Godzilla Minus One crushed everybody at the Japanese Academy Awards
The latest Mission: Impossible won Best Foreign Language Film, which is cool
The excellent Godzilla Minus One wasn’t Japan’s submission to the Best International Film category at the Academy Awards this year (that honor belongs to Wim Wenders’ Perfect Days, which was jointly produced in Japan and Wenders’ home country of Germany), but maybe that’s a good thing: If it had been, it might’ve obliterated the competition like a stomp from Godzilla’s mighty foot or a blast from his atomic breath.
That’s what happened at the recent Japan Academy Film Prize ceremony, effectively Japan’s equivalent of our American Academy Awards, with director Takashi Yamazaki’s monster movie winning eight of its 12 nominations—both the most wins and the most nominations of any other film this year. It won Best Film, Best Screenplay, Best Supporting Actress (for Sakura Ando), Best Cinematography, Best Lightning Direction, Best Art Direction, Best Sound Recording, and Best Film Editing. (There’s probably something smart to say about this, given Godzilla’s thematic origin and the predicted dominance of an American movie about the atomic bomb at this year’s Oscars, but we should all wait to see how things go for Oppenheimer tonight before deciding what that smart thing is.)

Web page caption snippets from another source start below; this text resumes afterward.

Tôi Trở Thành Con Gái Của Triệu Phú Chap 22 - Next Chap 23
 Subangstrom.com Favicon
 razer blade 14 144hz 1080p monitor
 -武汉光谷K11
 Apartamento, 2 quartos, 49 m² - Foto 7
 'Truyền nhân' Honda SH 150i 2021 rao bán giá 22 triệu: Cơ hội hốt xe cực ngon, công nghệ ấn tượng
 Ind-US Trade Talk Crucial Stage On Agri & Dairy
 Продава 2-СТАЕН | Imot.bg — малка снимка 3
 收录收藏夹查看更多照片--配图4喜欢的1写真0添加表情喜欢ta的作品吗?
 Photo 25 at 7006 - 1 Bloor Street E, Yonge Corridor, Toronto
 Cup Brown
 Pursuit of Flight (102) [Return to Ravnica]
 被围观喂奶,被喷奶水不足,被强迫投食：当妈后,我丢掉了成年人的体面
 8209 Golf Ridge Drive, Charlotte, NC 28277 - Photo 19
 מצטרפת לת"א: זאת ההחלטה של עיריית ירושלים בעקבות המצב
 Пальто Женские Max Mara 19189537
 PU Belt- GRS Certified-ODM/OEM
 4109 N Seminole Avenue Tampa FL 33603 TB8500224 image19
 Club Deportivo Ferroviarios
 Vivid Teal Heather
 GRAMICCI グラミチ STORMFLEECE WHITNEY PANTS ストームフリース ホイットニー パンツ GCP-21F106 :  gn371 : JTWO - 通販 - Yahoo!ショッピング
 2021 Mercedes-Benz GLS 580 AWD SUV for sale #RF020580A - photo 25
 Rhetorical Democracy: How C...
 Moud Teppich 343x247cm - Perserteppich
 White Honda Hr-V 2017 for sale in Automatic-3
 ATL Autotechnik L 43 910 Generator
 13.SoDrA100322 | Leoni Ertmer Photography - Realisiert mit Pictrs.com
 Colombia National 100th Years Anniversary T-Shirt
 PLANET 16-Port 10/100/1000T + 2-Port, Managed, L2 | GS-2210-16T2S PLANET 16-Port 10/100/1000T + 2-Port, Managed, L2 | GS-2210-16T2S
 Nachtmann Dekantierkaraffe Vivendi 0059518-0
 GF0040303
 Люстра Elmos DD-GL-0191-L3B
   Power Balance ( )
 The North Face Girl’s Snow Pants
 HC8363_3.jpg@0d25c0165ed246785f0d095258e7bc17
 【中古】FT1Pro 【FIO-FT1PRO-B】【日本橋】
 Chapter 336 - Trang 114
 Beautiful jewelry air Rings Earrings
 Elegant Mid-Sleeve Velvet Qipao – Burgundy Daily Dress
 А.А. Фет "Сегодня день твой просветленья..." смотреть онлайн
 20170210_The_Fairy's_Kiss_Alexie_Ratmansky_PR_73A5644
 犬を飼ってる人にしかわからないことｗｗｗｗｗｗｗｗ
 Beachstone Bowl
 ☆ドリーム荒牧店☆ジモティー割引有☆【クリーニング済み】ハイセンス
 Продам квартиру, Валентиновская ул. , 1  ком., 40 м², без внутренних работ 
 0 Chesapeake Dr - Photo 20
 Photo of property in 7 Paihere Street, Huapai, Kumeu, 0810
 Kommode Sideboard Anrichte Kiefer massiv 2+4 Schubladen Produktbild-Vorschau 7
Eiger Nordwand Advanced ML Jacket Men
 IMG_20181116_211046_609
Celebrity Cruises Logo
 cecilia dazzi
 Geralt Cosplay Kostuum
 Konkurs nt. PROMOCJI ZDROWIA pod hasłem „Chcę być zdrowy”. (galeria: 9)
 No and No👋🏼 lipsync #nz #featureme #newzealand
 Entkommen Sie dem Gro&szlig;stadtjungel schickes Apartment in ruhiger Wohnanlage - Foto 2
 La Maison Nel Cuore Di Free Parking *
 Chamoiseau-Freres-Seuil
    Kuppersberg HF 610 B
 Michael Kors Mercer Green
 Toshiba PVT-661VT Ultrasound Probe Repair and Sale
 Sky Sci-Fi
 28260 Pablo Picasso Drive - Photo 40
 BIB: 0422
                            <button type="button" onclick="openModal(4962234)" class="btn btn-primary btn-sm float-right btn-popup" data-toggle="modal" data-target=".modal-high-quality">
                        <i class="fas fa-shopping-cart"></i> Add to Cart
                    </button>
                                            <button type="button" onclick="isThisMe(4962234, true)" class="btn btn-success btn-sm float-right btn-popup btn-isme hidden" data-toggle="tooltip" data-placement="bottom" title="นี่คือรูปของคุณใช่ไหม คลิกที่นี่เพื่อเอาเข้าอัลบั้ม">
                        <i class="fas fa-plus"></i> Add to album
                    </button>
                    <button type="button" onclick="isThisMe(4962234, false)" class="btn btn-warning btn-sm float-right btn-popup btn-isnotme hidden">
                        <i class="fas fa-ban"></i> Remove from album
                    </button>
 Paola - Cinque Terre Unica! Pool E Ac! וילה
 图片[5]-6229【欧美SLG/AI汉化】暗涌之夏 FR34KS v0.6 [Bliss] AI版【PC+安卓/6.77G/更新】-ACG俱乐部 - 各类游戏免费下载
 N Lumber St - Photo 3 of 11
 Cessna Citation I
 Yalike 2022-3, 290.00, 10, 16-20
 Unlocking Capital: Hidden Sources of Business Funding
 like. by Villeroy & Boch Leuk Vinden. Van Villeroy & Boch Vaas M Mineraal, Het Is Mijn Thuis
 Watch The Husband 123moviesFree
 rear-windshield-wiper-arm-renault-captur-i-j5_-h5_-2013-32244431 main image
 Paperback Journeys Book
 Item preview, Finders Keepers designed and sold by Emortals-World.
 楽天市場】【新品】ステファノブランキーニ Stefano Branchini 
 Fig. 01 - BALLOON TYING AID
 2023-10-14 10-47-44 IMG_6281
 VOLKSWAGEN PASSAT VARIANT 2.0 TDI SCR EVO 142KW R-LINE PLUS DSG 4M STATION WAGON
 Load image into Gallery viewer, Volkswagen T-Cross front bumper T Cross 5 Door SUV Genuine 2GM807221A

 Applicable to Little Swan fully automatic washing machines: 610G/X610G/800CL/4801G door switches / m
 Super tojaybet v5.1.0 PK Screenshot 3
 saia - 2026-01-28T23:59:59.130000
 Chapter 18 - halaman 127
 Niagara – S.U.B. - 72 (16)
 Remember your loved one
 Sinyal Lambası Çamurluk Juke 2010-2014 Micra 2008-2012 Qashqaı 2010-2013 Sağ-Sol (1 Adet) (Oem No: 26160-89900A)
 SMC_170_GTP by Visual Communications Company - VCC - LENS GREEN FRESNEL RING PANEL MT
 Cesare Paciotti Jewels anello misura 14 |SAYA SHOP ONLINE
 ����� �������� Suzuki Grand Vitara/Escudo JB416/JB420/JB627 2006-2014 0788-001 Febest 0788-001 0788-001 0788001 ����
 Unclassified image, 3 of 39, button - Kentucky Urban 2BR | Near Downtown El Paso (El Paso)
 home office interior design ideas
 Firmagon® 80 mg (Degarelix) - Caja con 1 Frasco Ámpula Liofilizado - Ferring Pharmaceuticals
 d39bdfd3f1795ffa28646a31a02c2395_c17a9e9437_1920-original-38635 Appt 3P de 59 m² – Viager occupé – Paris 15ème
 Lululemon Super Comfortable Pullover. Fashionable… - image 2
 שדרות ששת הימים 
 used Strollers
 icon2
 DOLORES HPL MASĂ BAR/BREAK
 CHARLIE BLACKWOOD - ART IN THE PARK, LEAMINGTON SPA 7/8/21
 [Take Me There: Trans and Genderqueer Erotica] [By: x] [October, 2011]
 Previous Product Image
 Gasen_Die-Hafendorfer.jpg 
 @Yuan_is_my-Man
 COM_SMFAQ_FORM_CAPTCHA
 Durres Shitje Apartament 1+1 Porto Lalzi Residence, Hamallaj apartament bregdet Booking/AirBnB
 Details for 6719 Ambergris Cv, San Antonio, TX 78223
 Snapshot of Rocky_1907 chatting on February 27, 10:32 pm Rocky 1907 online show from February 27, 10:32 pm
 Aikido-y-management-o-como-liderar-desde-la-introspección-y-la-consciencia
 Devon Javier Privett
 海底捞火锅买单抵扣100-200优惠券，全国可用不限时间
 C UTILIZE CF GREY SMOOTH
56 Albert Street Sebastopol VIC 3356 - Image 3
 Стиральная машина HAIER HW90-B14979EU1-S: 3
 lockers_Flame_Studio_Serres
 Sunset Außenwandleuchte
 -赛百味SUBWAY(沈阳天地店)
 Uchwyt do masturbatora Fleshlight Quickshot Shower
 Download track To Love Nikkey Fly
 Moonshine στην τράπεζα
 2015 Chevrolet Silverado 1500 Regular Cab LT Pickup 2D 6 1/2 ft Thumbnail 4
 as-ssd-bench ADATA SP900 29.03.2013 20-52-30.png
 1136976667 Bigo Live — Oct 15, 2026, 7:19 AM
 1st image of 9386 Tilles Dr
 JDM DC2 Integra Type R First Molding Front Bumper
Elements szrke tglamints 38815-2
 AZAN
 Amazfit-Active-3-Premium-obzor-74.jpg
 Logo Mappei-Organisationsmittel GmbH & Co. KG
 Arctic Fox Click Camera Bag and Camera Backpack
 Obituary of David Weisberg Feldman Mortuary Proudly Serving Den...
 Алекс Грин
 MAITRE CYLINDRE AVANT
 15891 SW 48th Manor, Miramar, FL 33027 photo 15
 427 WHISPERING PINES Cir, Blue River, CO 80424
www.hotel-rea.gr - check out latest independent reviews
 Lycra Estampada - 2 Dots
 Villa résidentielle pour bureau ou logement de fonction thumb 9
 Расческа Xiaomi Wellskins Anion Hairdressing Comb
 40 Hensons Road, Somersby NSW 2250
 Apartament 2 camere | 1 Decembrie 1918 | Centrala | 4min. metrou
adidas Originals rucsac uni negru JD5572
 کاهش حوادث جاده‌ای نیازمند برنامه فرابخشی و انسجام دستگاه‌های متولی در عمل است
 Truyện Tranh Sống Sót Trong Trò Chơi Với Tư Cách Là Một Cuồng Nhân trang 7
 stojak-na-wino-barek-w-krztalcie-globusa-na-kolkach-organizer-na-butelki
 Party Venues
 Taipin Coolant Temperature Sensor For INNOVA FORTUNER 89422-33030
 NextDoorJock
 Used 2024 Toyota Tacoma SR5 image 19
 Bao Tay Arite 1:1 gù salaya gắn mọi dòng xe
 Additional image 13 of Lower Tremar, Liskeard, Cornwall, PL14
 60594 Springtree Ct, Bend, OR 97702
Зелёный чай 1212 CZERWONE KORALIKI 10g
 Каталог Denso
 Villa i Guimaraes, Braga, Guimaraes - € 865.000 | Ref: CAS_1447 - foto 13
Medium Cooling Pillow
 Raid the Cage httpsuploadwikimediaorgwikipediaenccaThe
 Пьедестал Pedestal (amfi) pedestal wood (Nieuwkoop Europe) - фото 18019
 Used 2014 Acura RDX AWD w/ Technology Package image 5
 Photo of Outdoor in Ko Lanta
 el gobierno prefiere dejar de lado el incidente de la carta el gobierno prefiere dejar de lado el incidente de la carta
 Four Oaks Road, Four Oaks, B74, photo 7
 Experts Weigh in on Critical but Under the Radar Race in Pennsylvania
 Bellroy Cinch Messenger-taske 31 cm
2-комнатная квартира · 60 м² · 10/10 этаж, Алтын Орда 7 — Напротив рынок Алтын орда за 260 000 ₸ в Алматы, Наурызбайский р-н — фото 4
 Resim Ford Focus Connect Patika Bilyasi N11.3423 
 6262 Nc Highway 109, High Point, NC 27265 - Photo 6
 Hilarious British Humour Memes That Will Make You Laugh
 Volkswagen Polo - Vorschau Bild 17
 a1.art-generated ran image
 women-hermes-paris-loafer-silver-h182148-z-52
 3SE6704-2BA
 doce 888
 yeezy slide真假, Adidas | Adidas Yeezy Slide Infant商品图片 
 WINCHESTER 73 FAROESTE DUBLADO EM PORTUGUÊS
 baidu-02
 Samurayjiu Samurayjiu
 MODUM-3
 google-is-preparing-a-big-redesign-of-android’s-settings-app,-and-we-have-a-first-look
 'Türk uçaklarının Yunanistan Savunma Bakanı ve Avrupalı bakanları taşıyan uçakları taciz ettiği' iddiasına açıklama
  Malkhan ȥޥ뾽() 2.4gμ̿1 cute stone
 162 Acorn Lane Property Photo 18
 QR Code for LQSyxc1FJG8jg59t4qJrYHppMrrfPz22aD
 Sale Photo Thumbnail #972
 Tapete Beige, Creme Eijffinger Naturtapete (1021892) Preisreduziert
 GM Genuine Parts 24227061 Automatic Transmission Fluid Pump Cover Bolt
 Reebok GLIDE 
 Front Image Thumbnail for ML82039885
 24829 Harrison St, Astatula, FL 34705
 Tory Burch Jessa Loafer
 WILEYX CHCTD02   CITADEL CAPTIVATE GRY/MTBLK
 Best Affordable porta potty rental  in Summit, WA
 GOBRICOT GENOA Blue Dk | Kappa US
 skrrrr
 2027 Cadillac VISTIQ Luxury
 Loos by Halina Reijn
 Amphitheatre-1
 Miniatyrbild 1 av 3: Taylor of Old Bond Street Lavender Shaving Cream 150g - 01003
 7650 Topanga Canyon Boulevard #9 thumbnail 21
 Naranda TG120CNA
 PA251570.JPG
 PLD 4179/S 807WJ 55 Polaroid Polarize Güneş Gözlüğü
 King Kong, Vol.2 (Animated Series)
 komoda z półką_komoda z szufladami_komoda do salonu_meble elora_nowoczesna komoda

Elsewhere at Japan’s Academy Film Prize ceremony, Wenders’ film won both Best Director and Best Actor (for Koji Yakusho) and Hayao Miyazaki’s The Boy And The Heron won Best Animated Film. Awesomely, Mission: Impossible—Dead Reckoning won best Foreign Language Film ahead of Killers Of The Flower Moon, Barbie, French-Belgian drama Driving Madeleine, and 2022’s Tár (which just got an international release last year). If you’re curious, Oppenheimer hasn’t been released in Japan yet. That’s happening at the end of this month, after the American awards season has ended, which seems like a purposeful decision.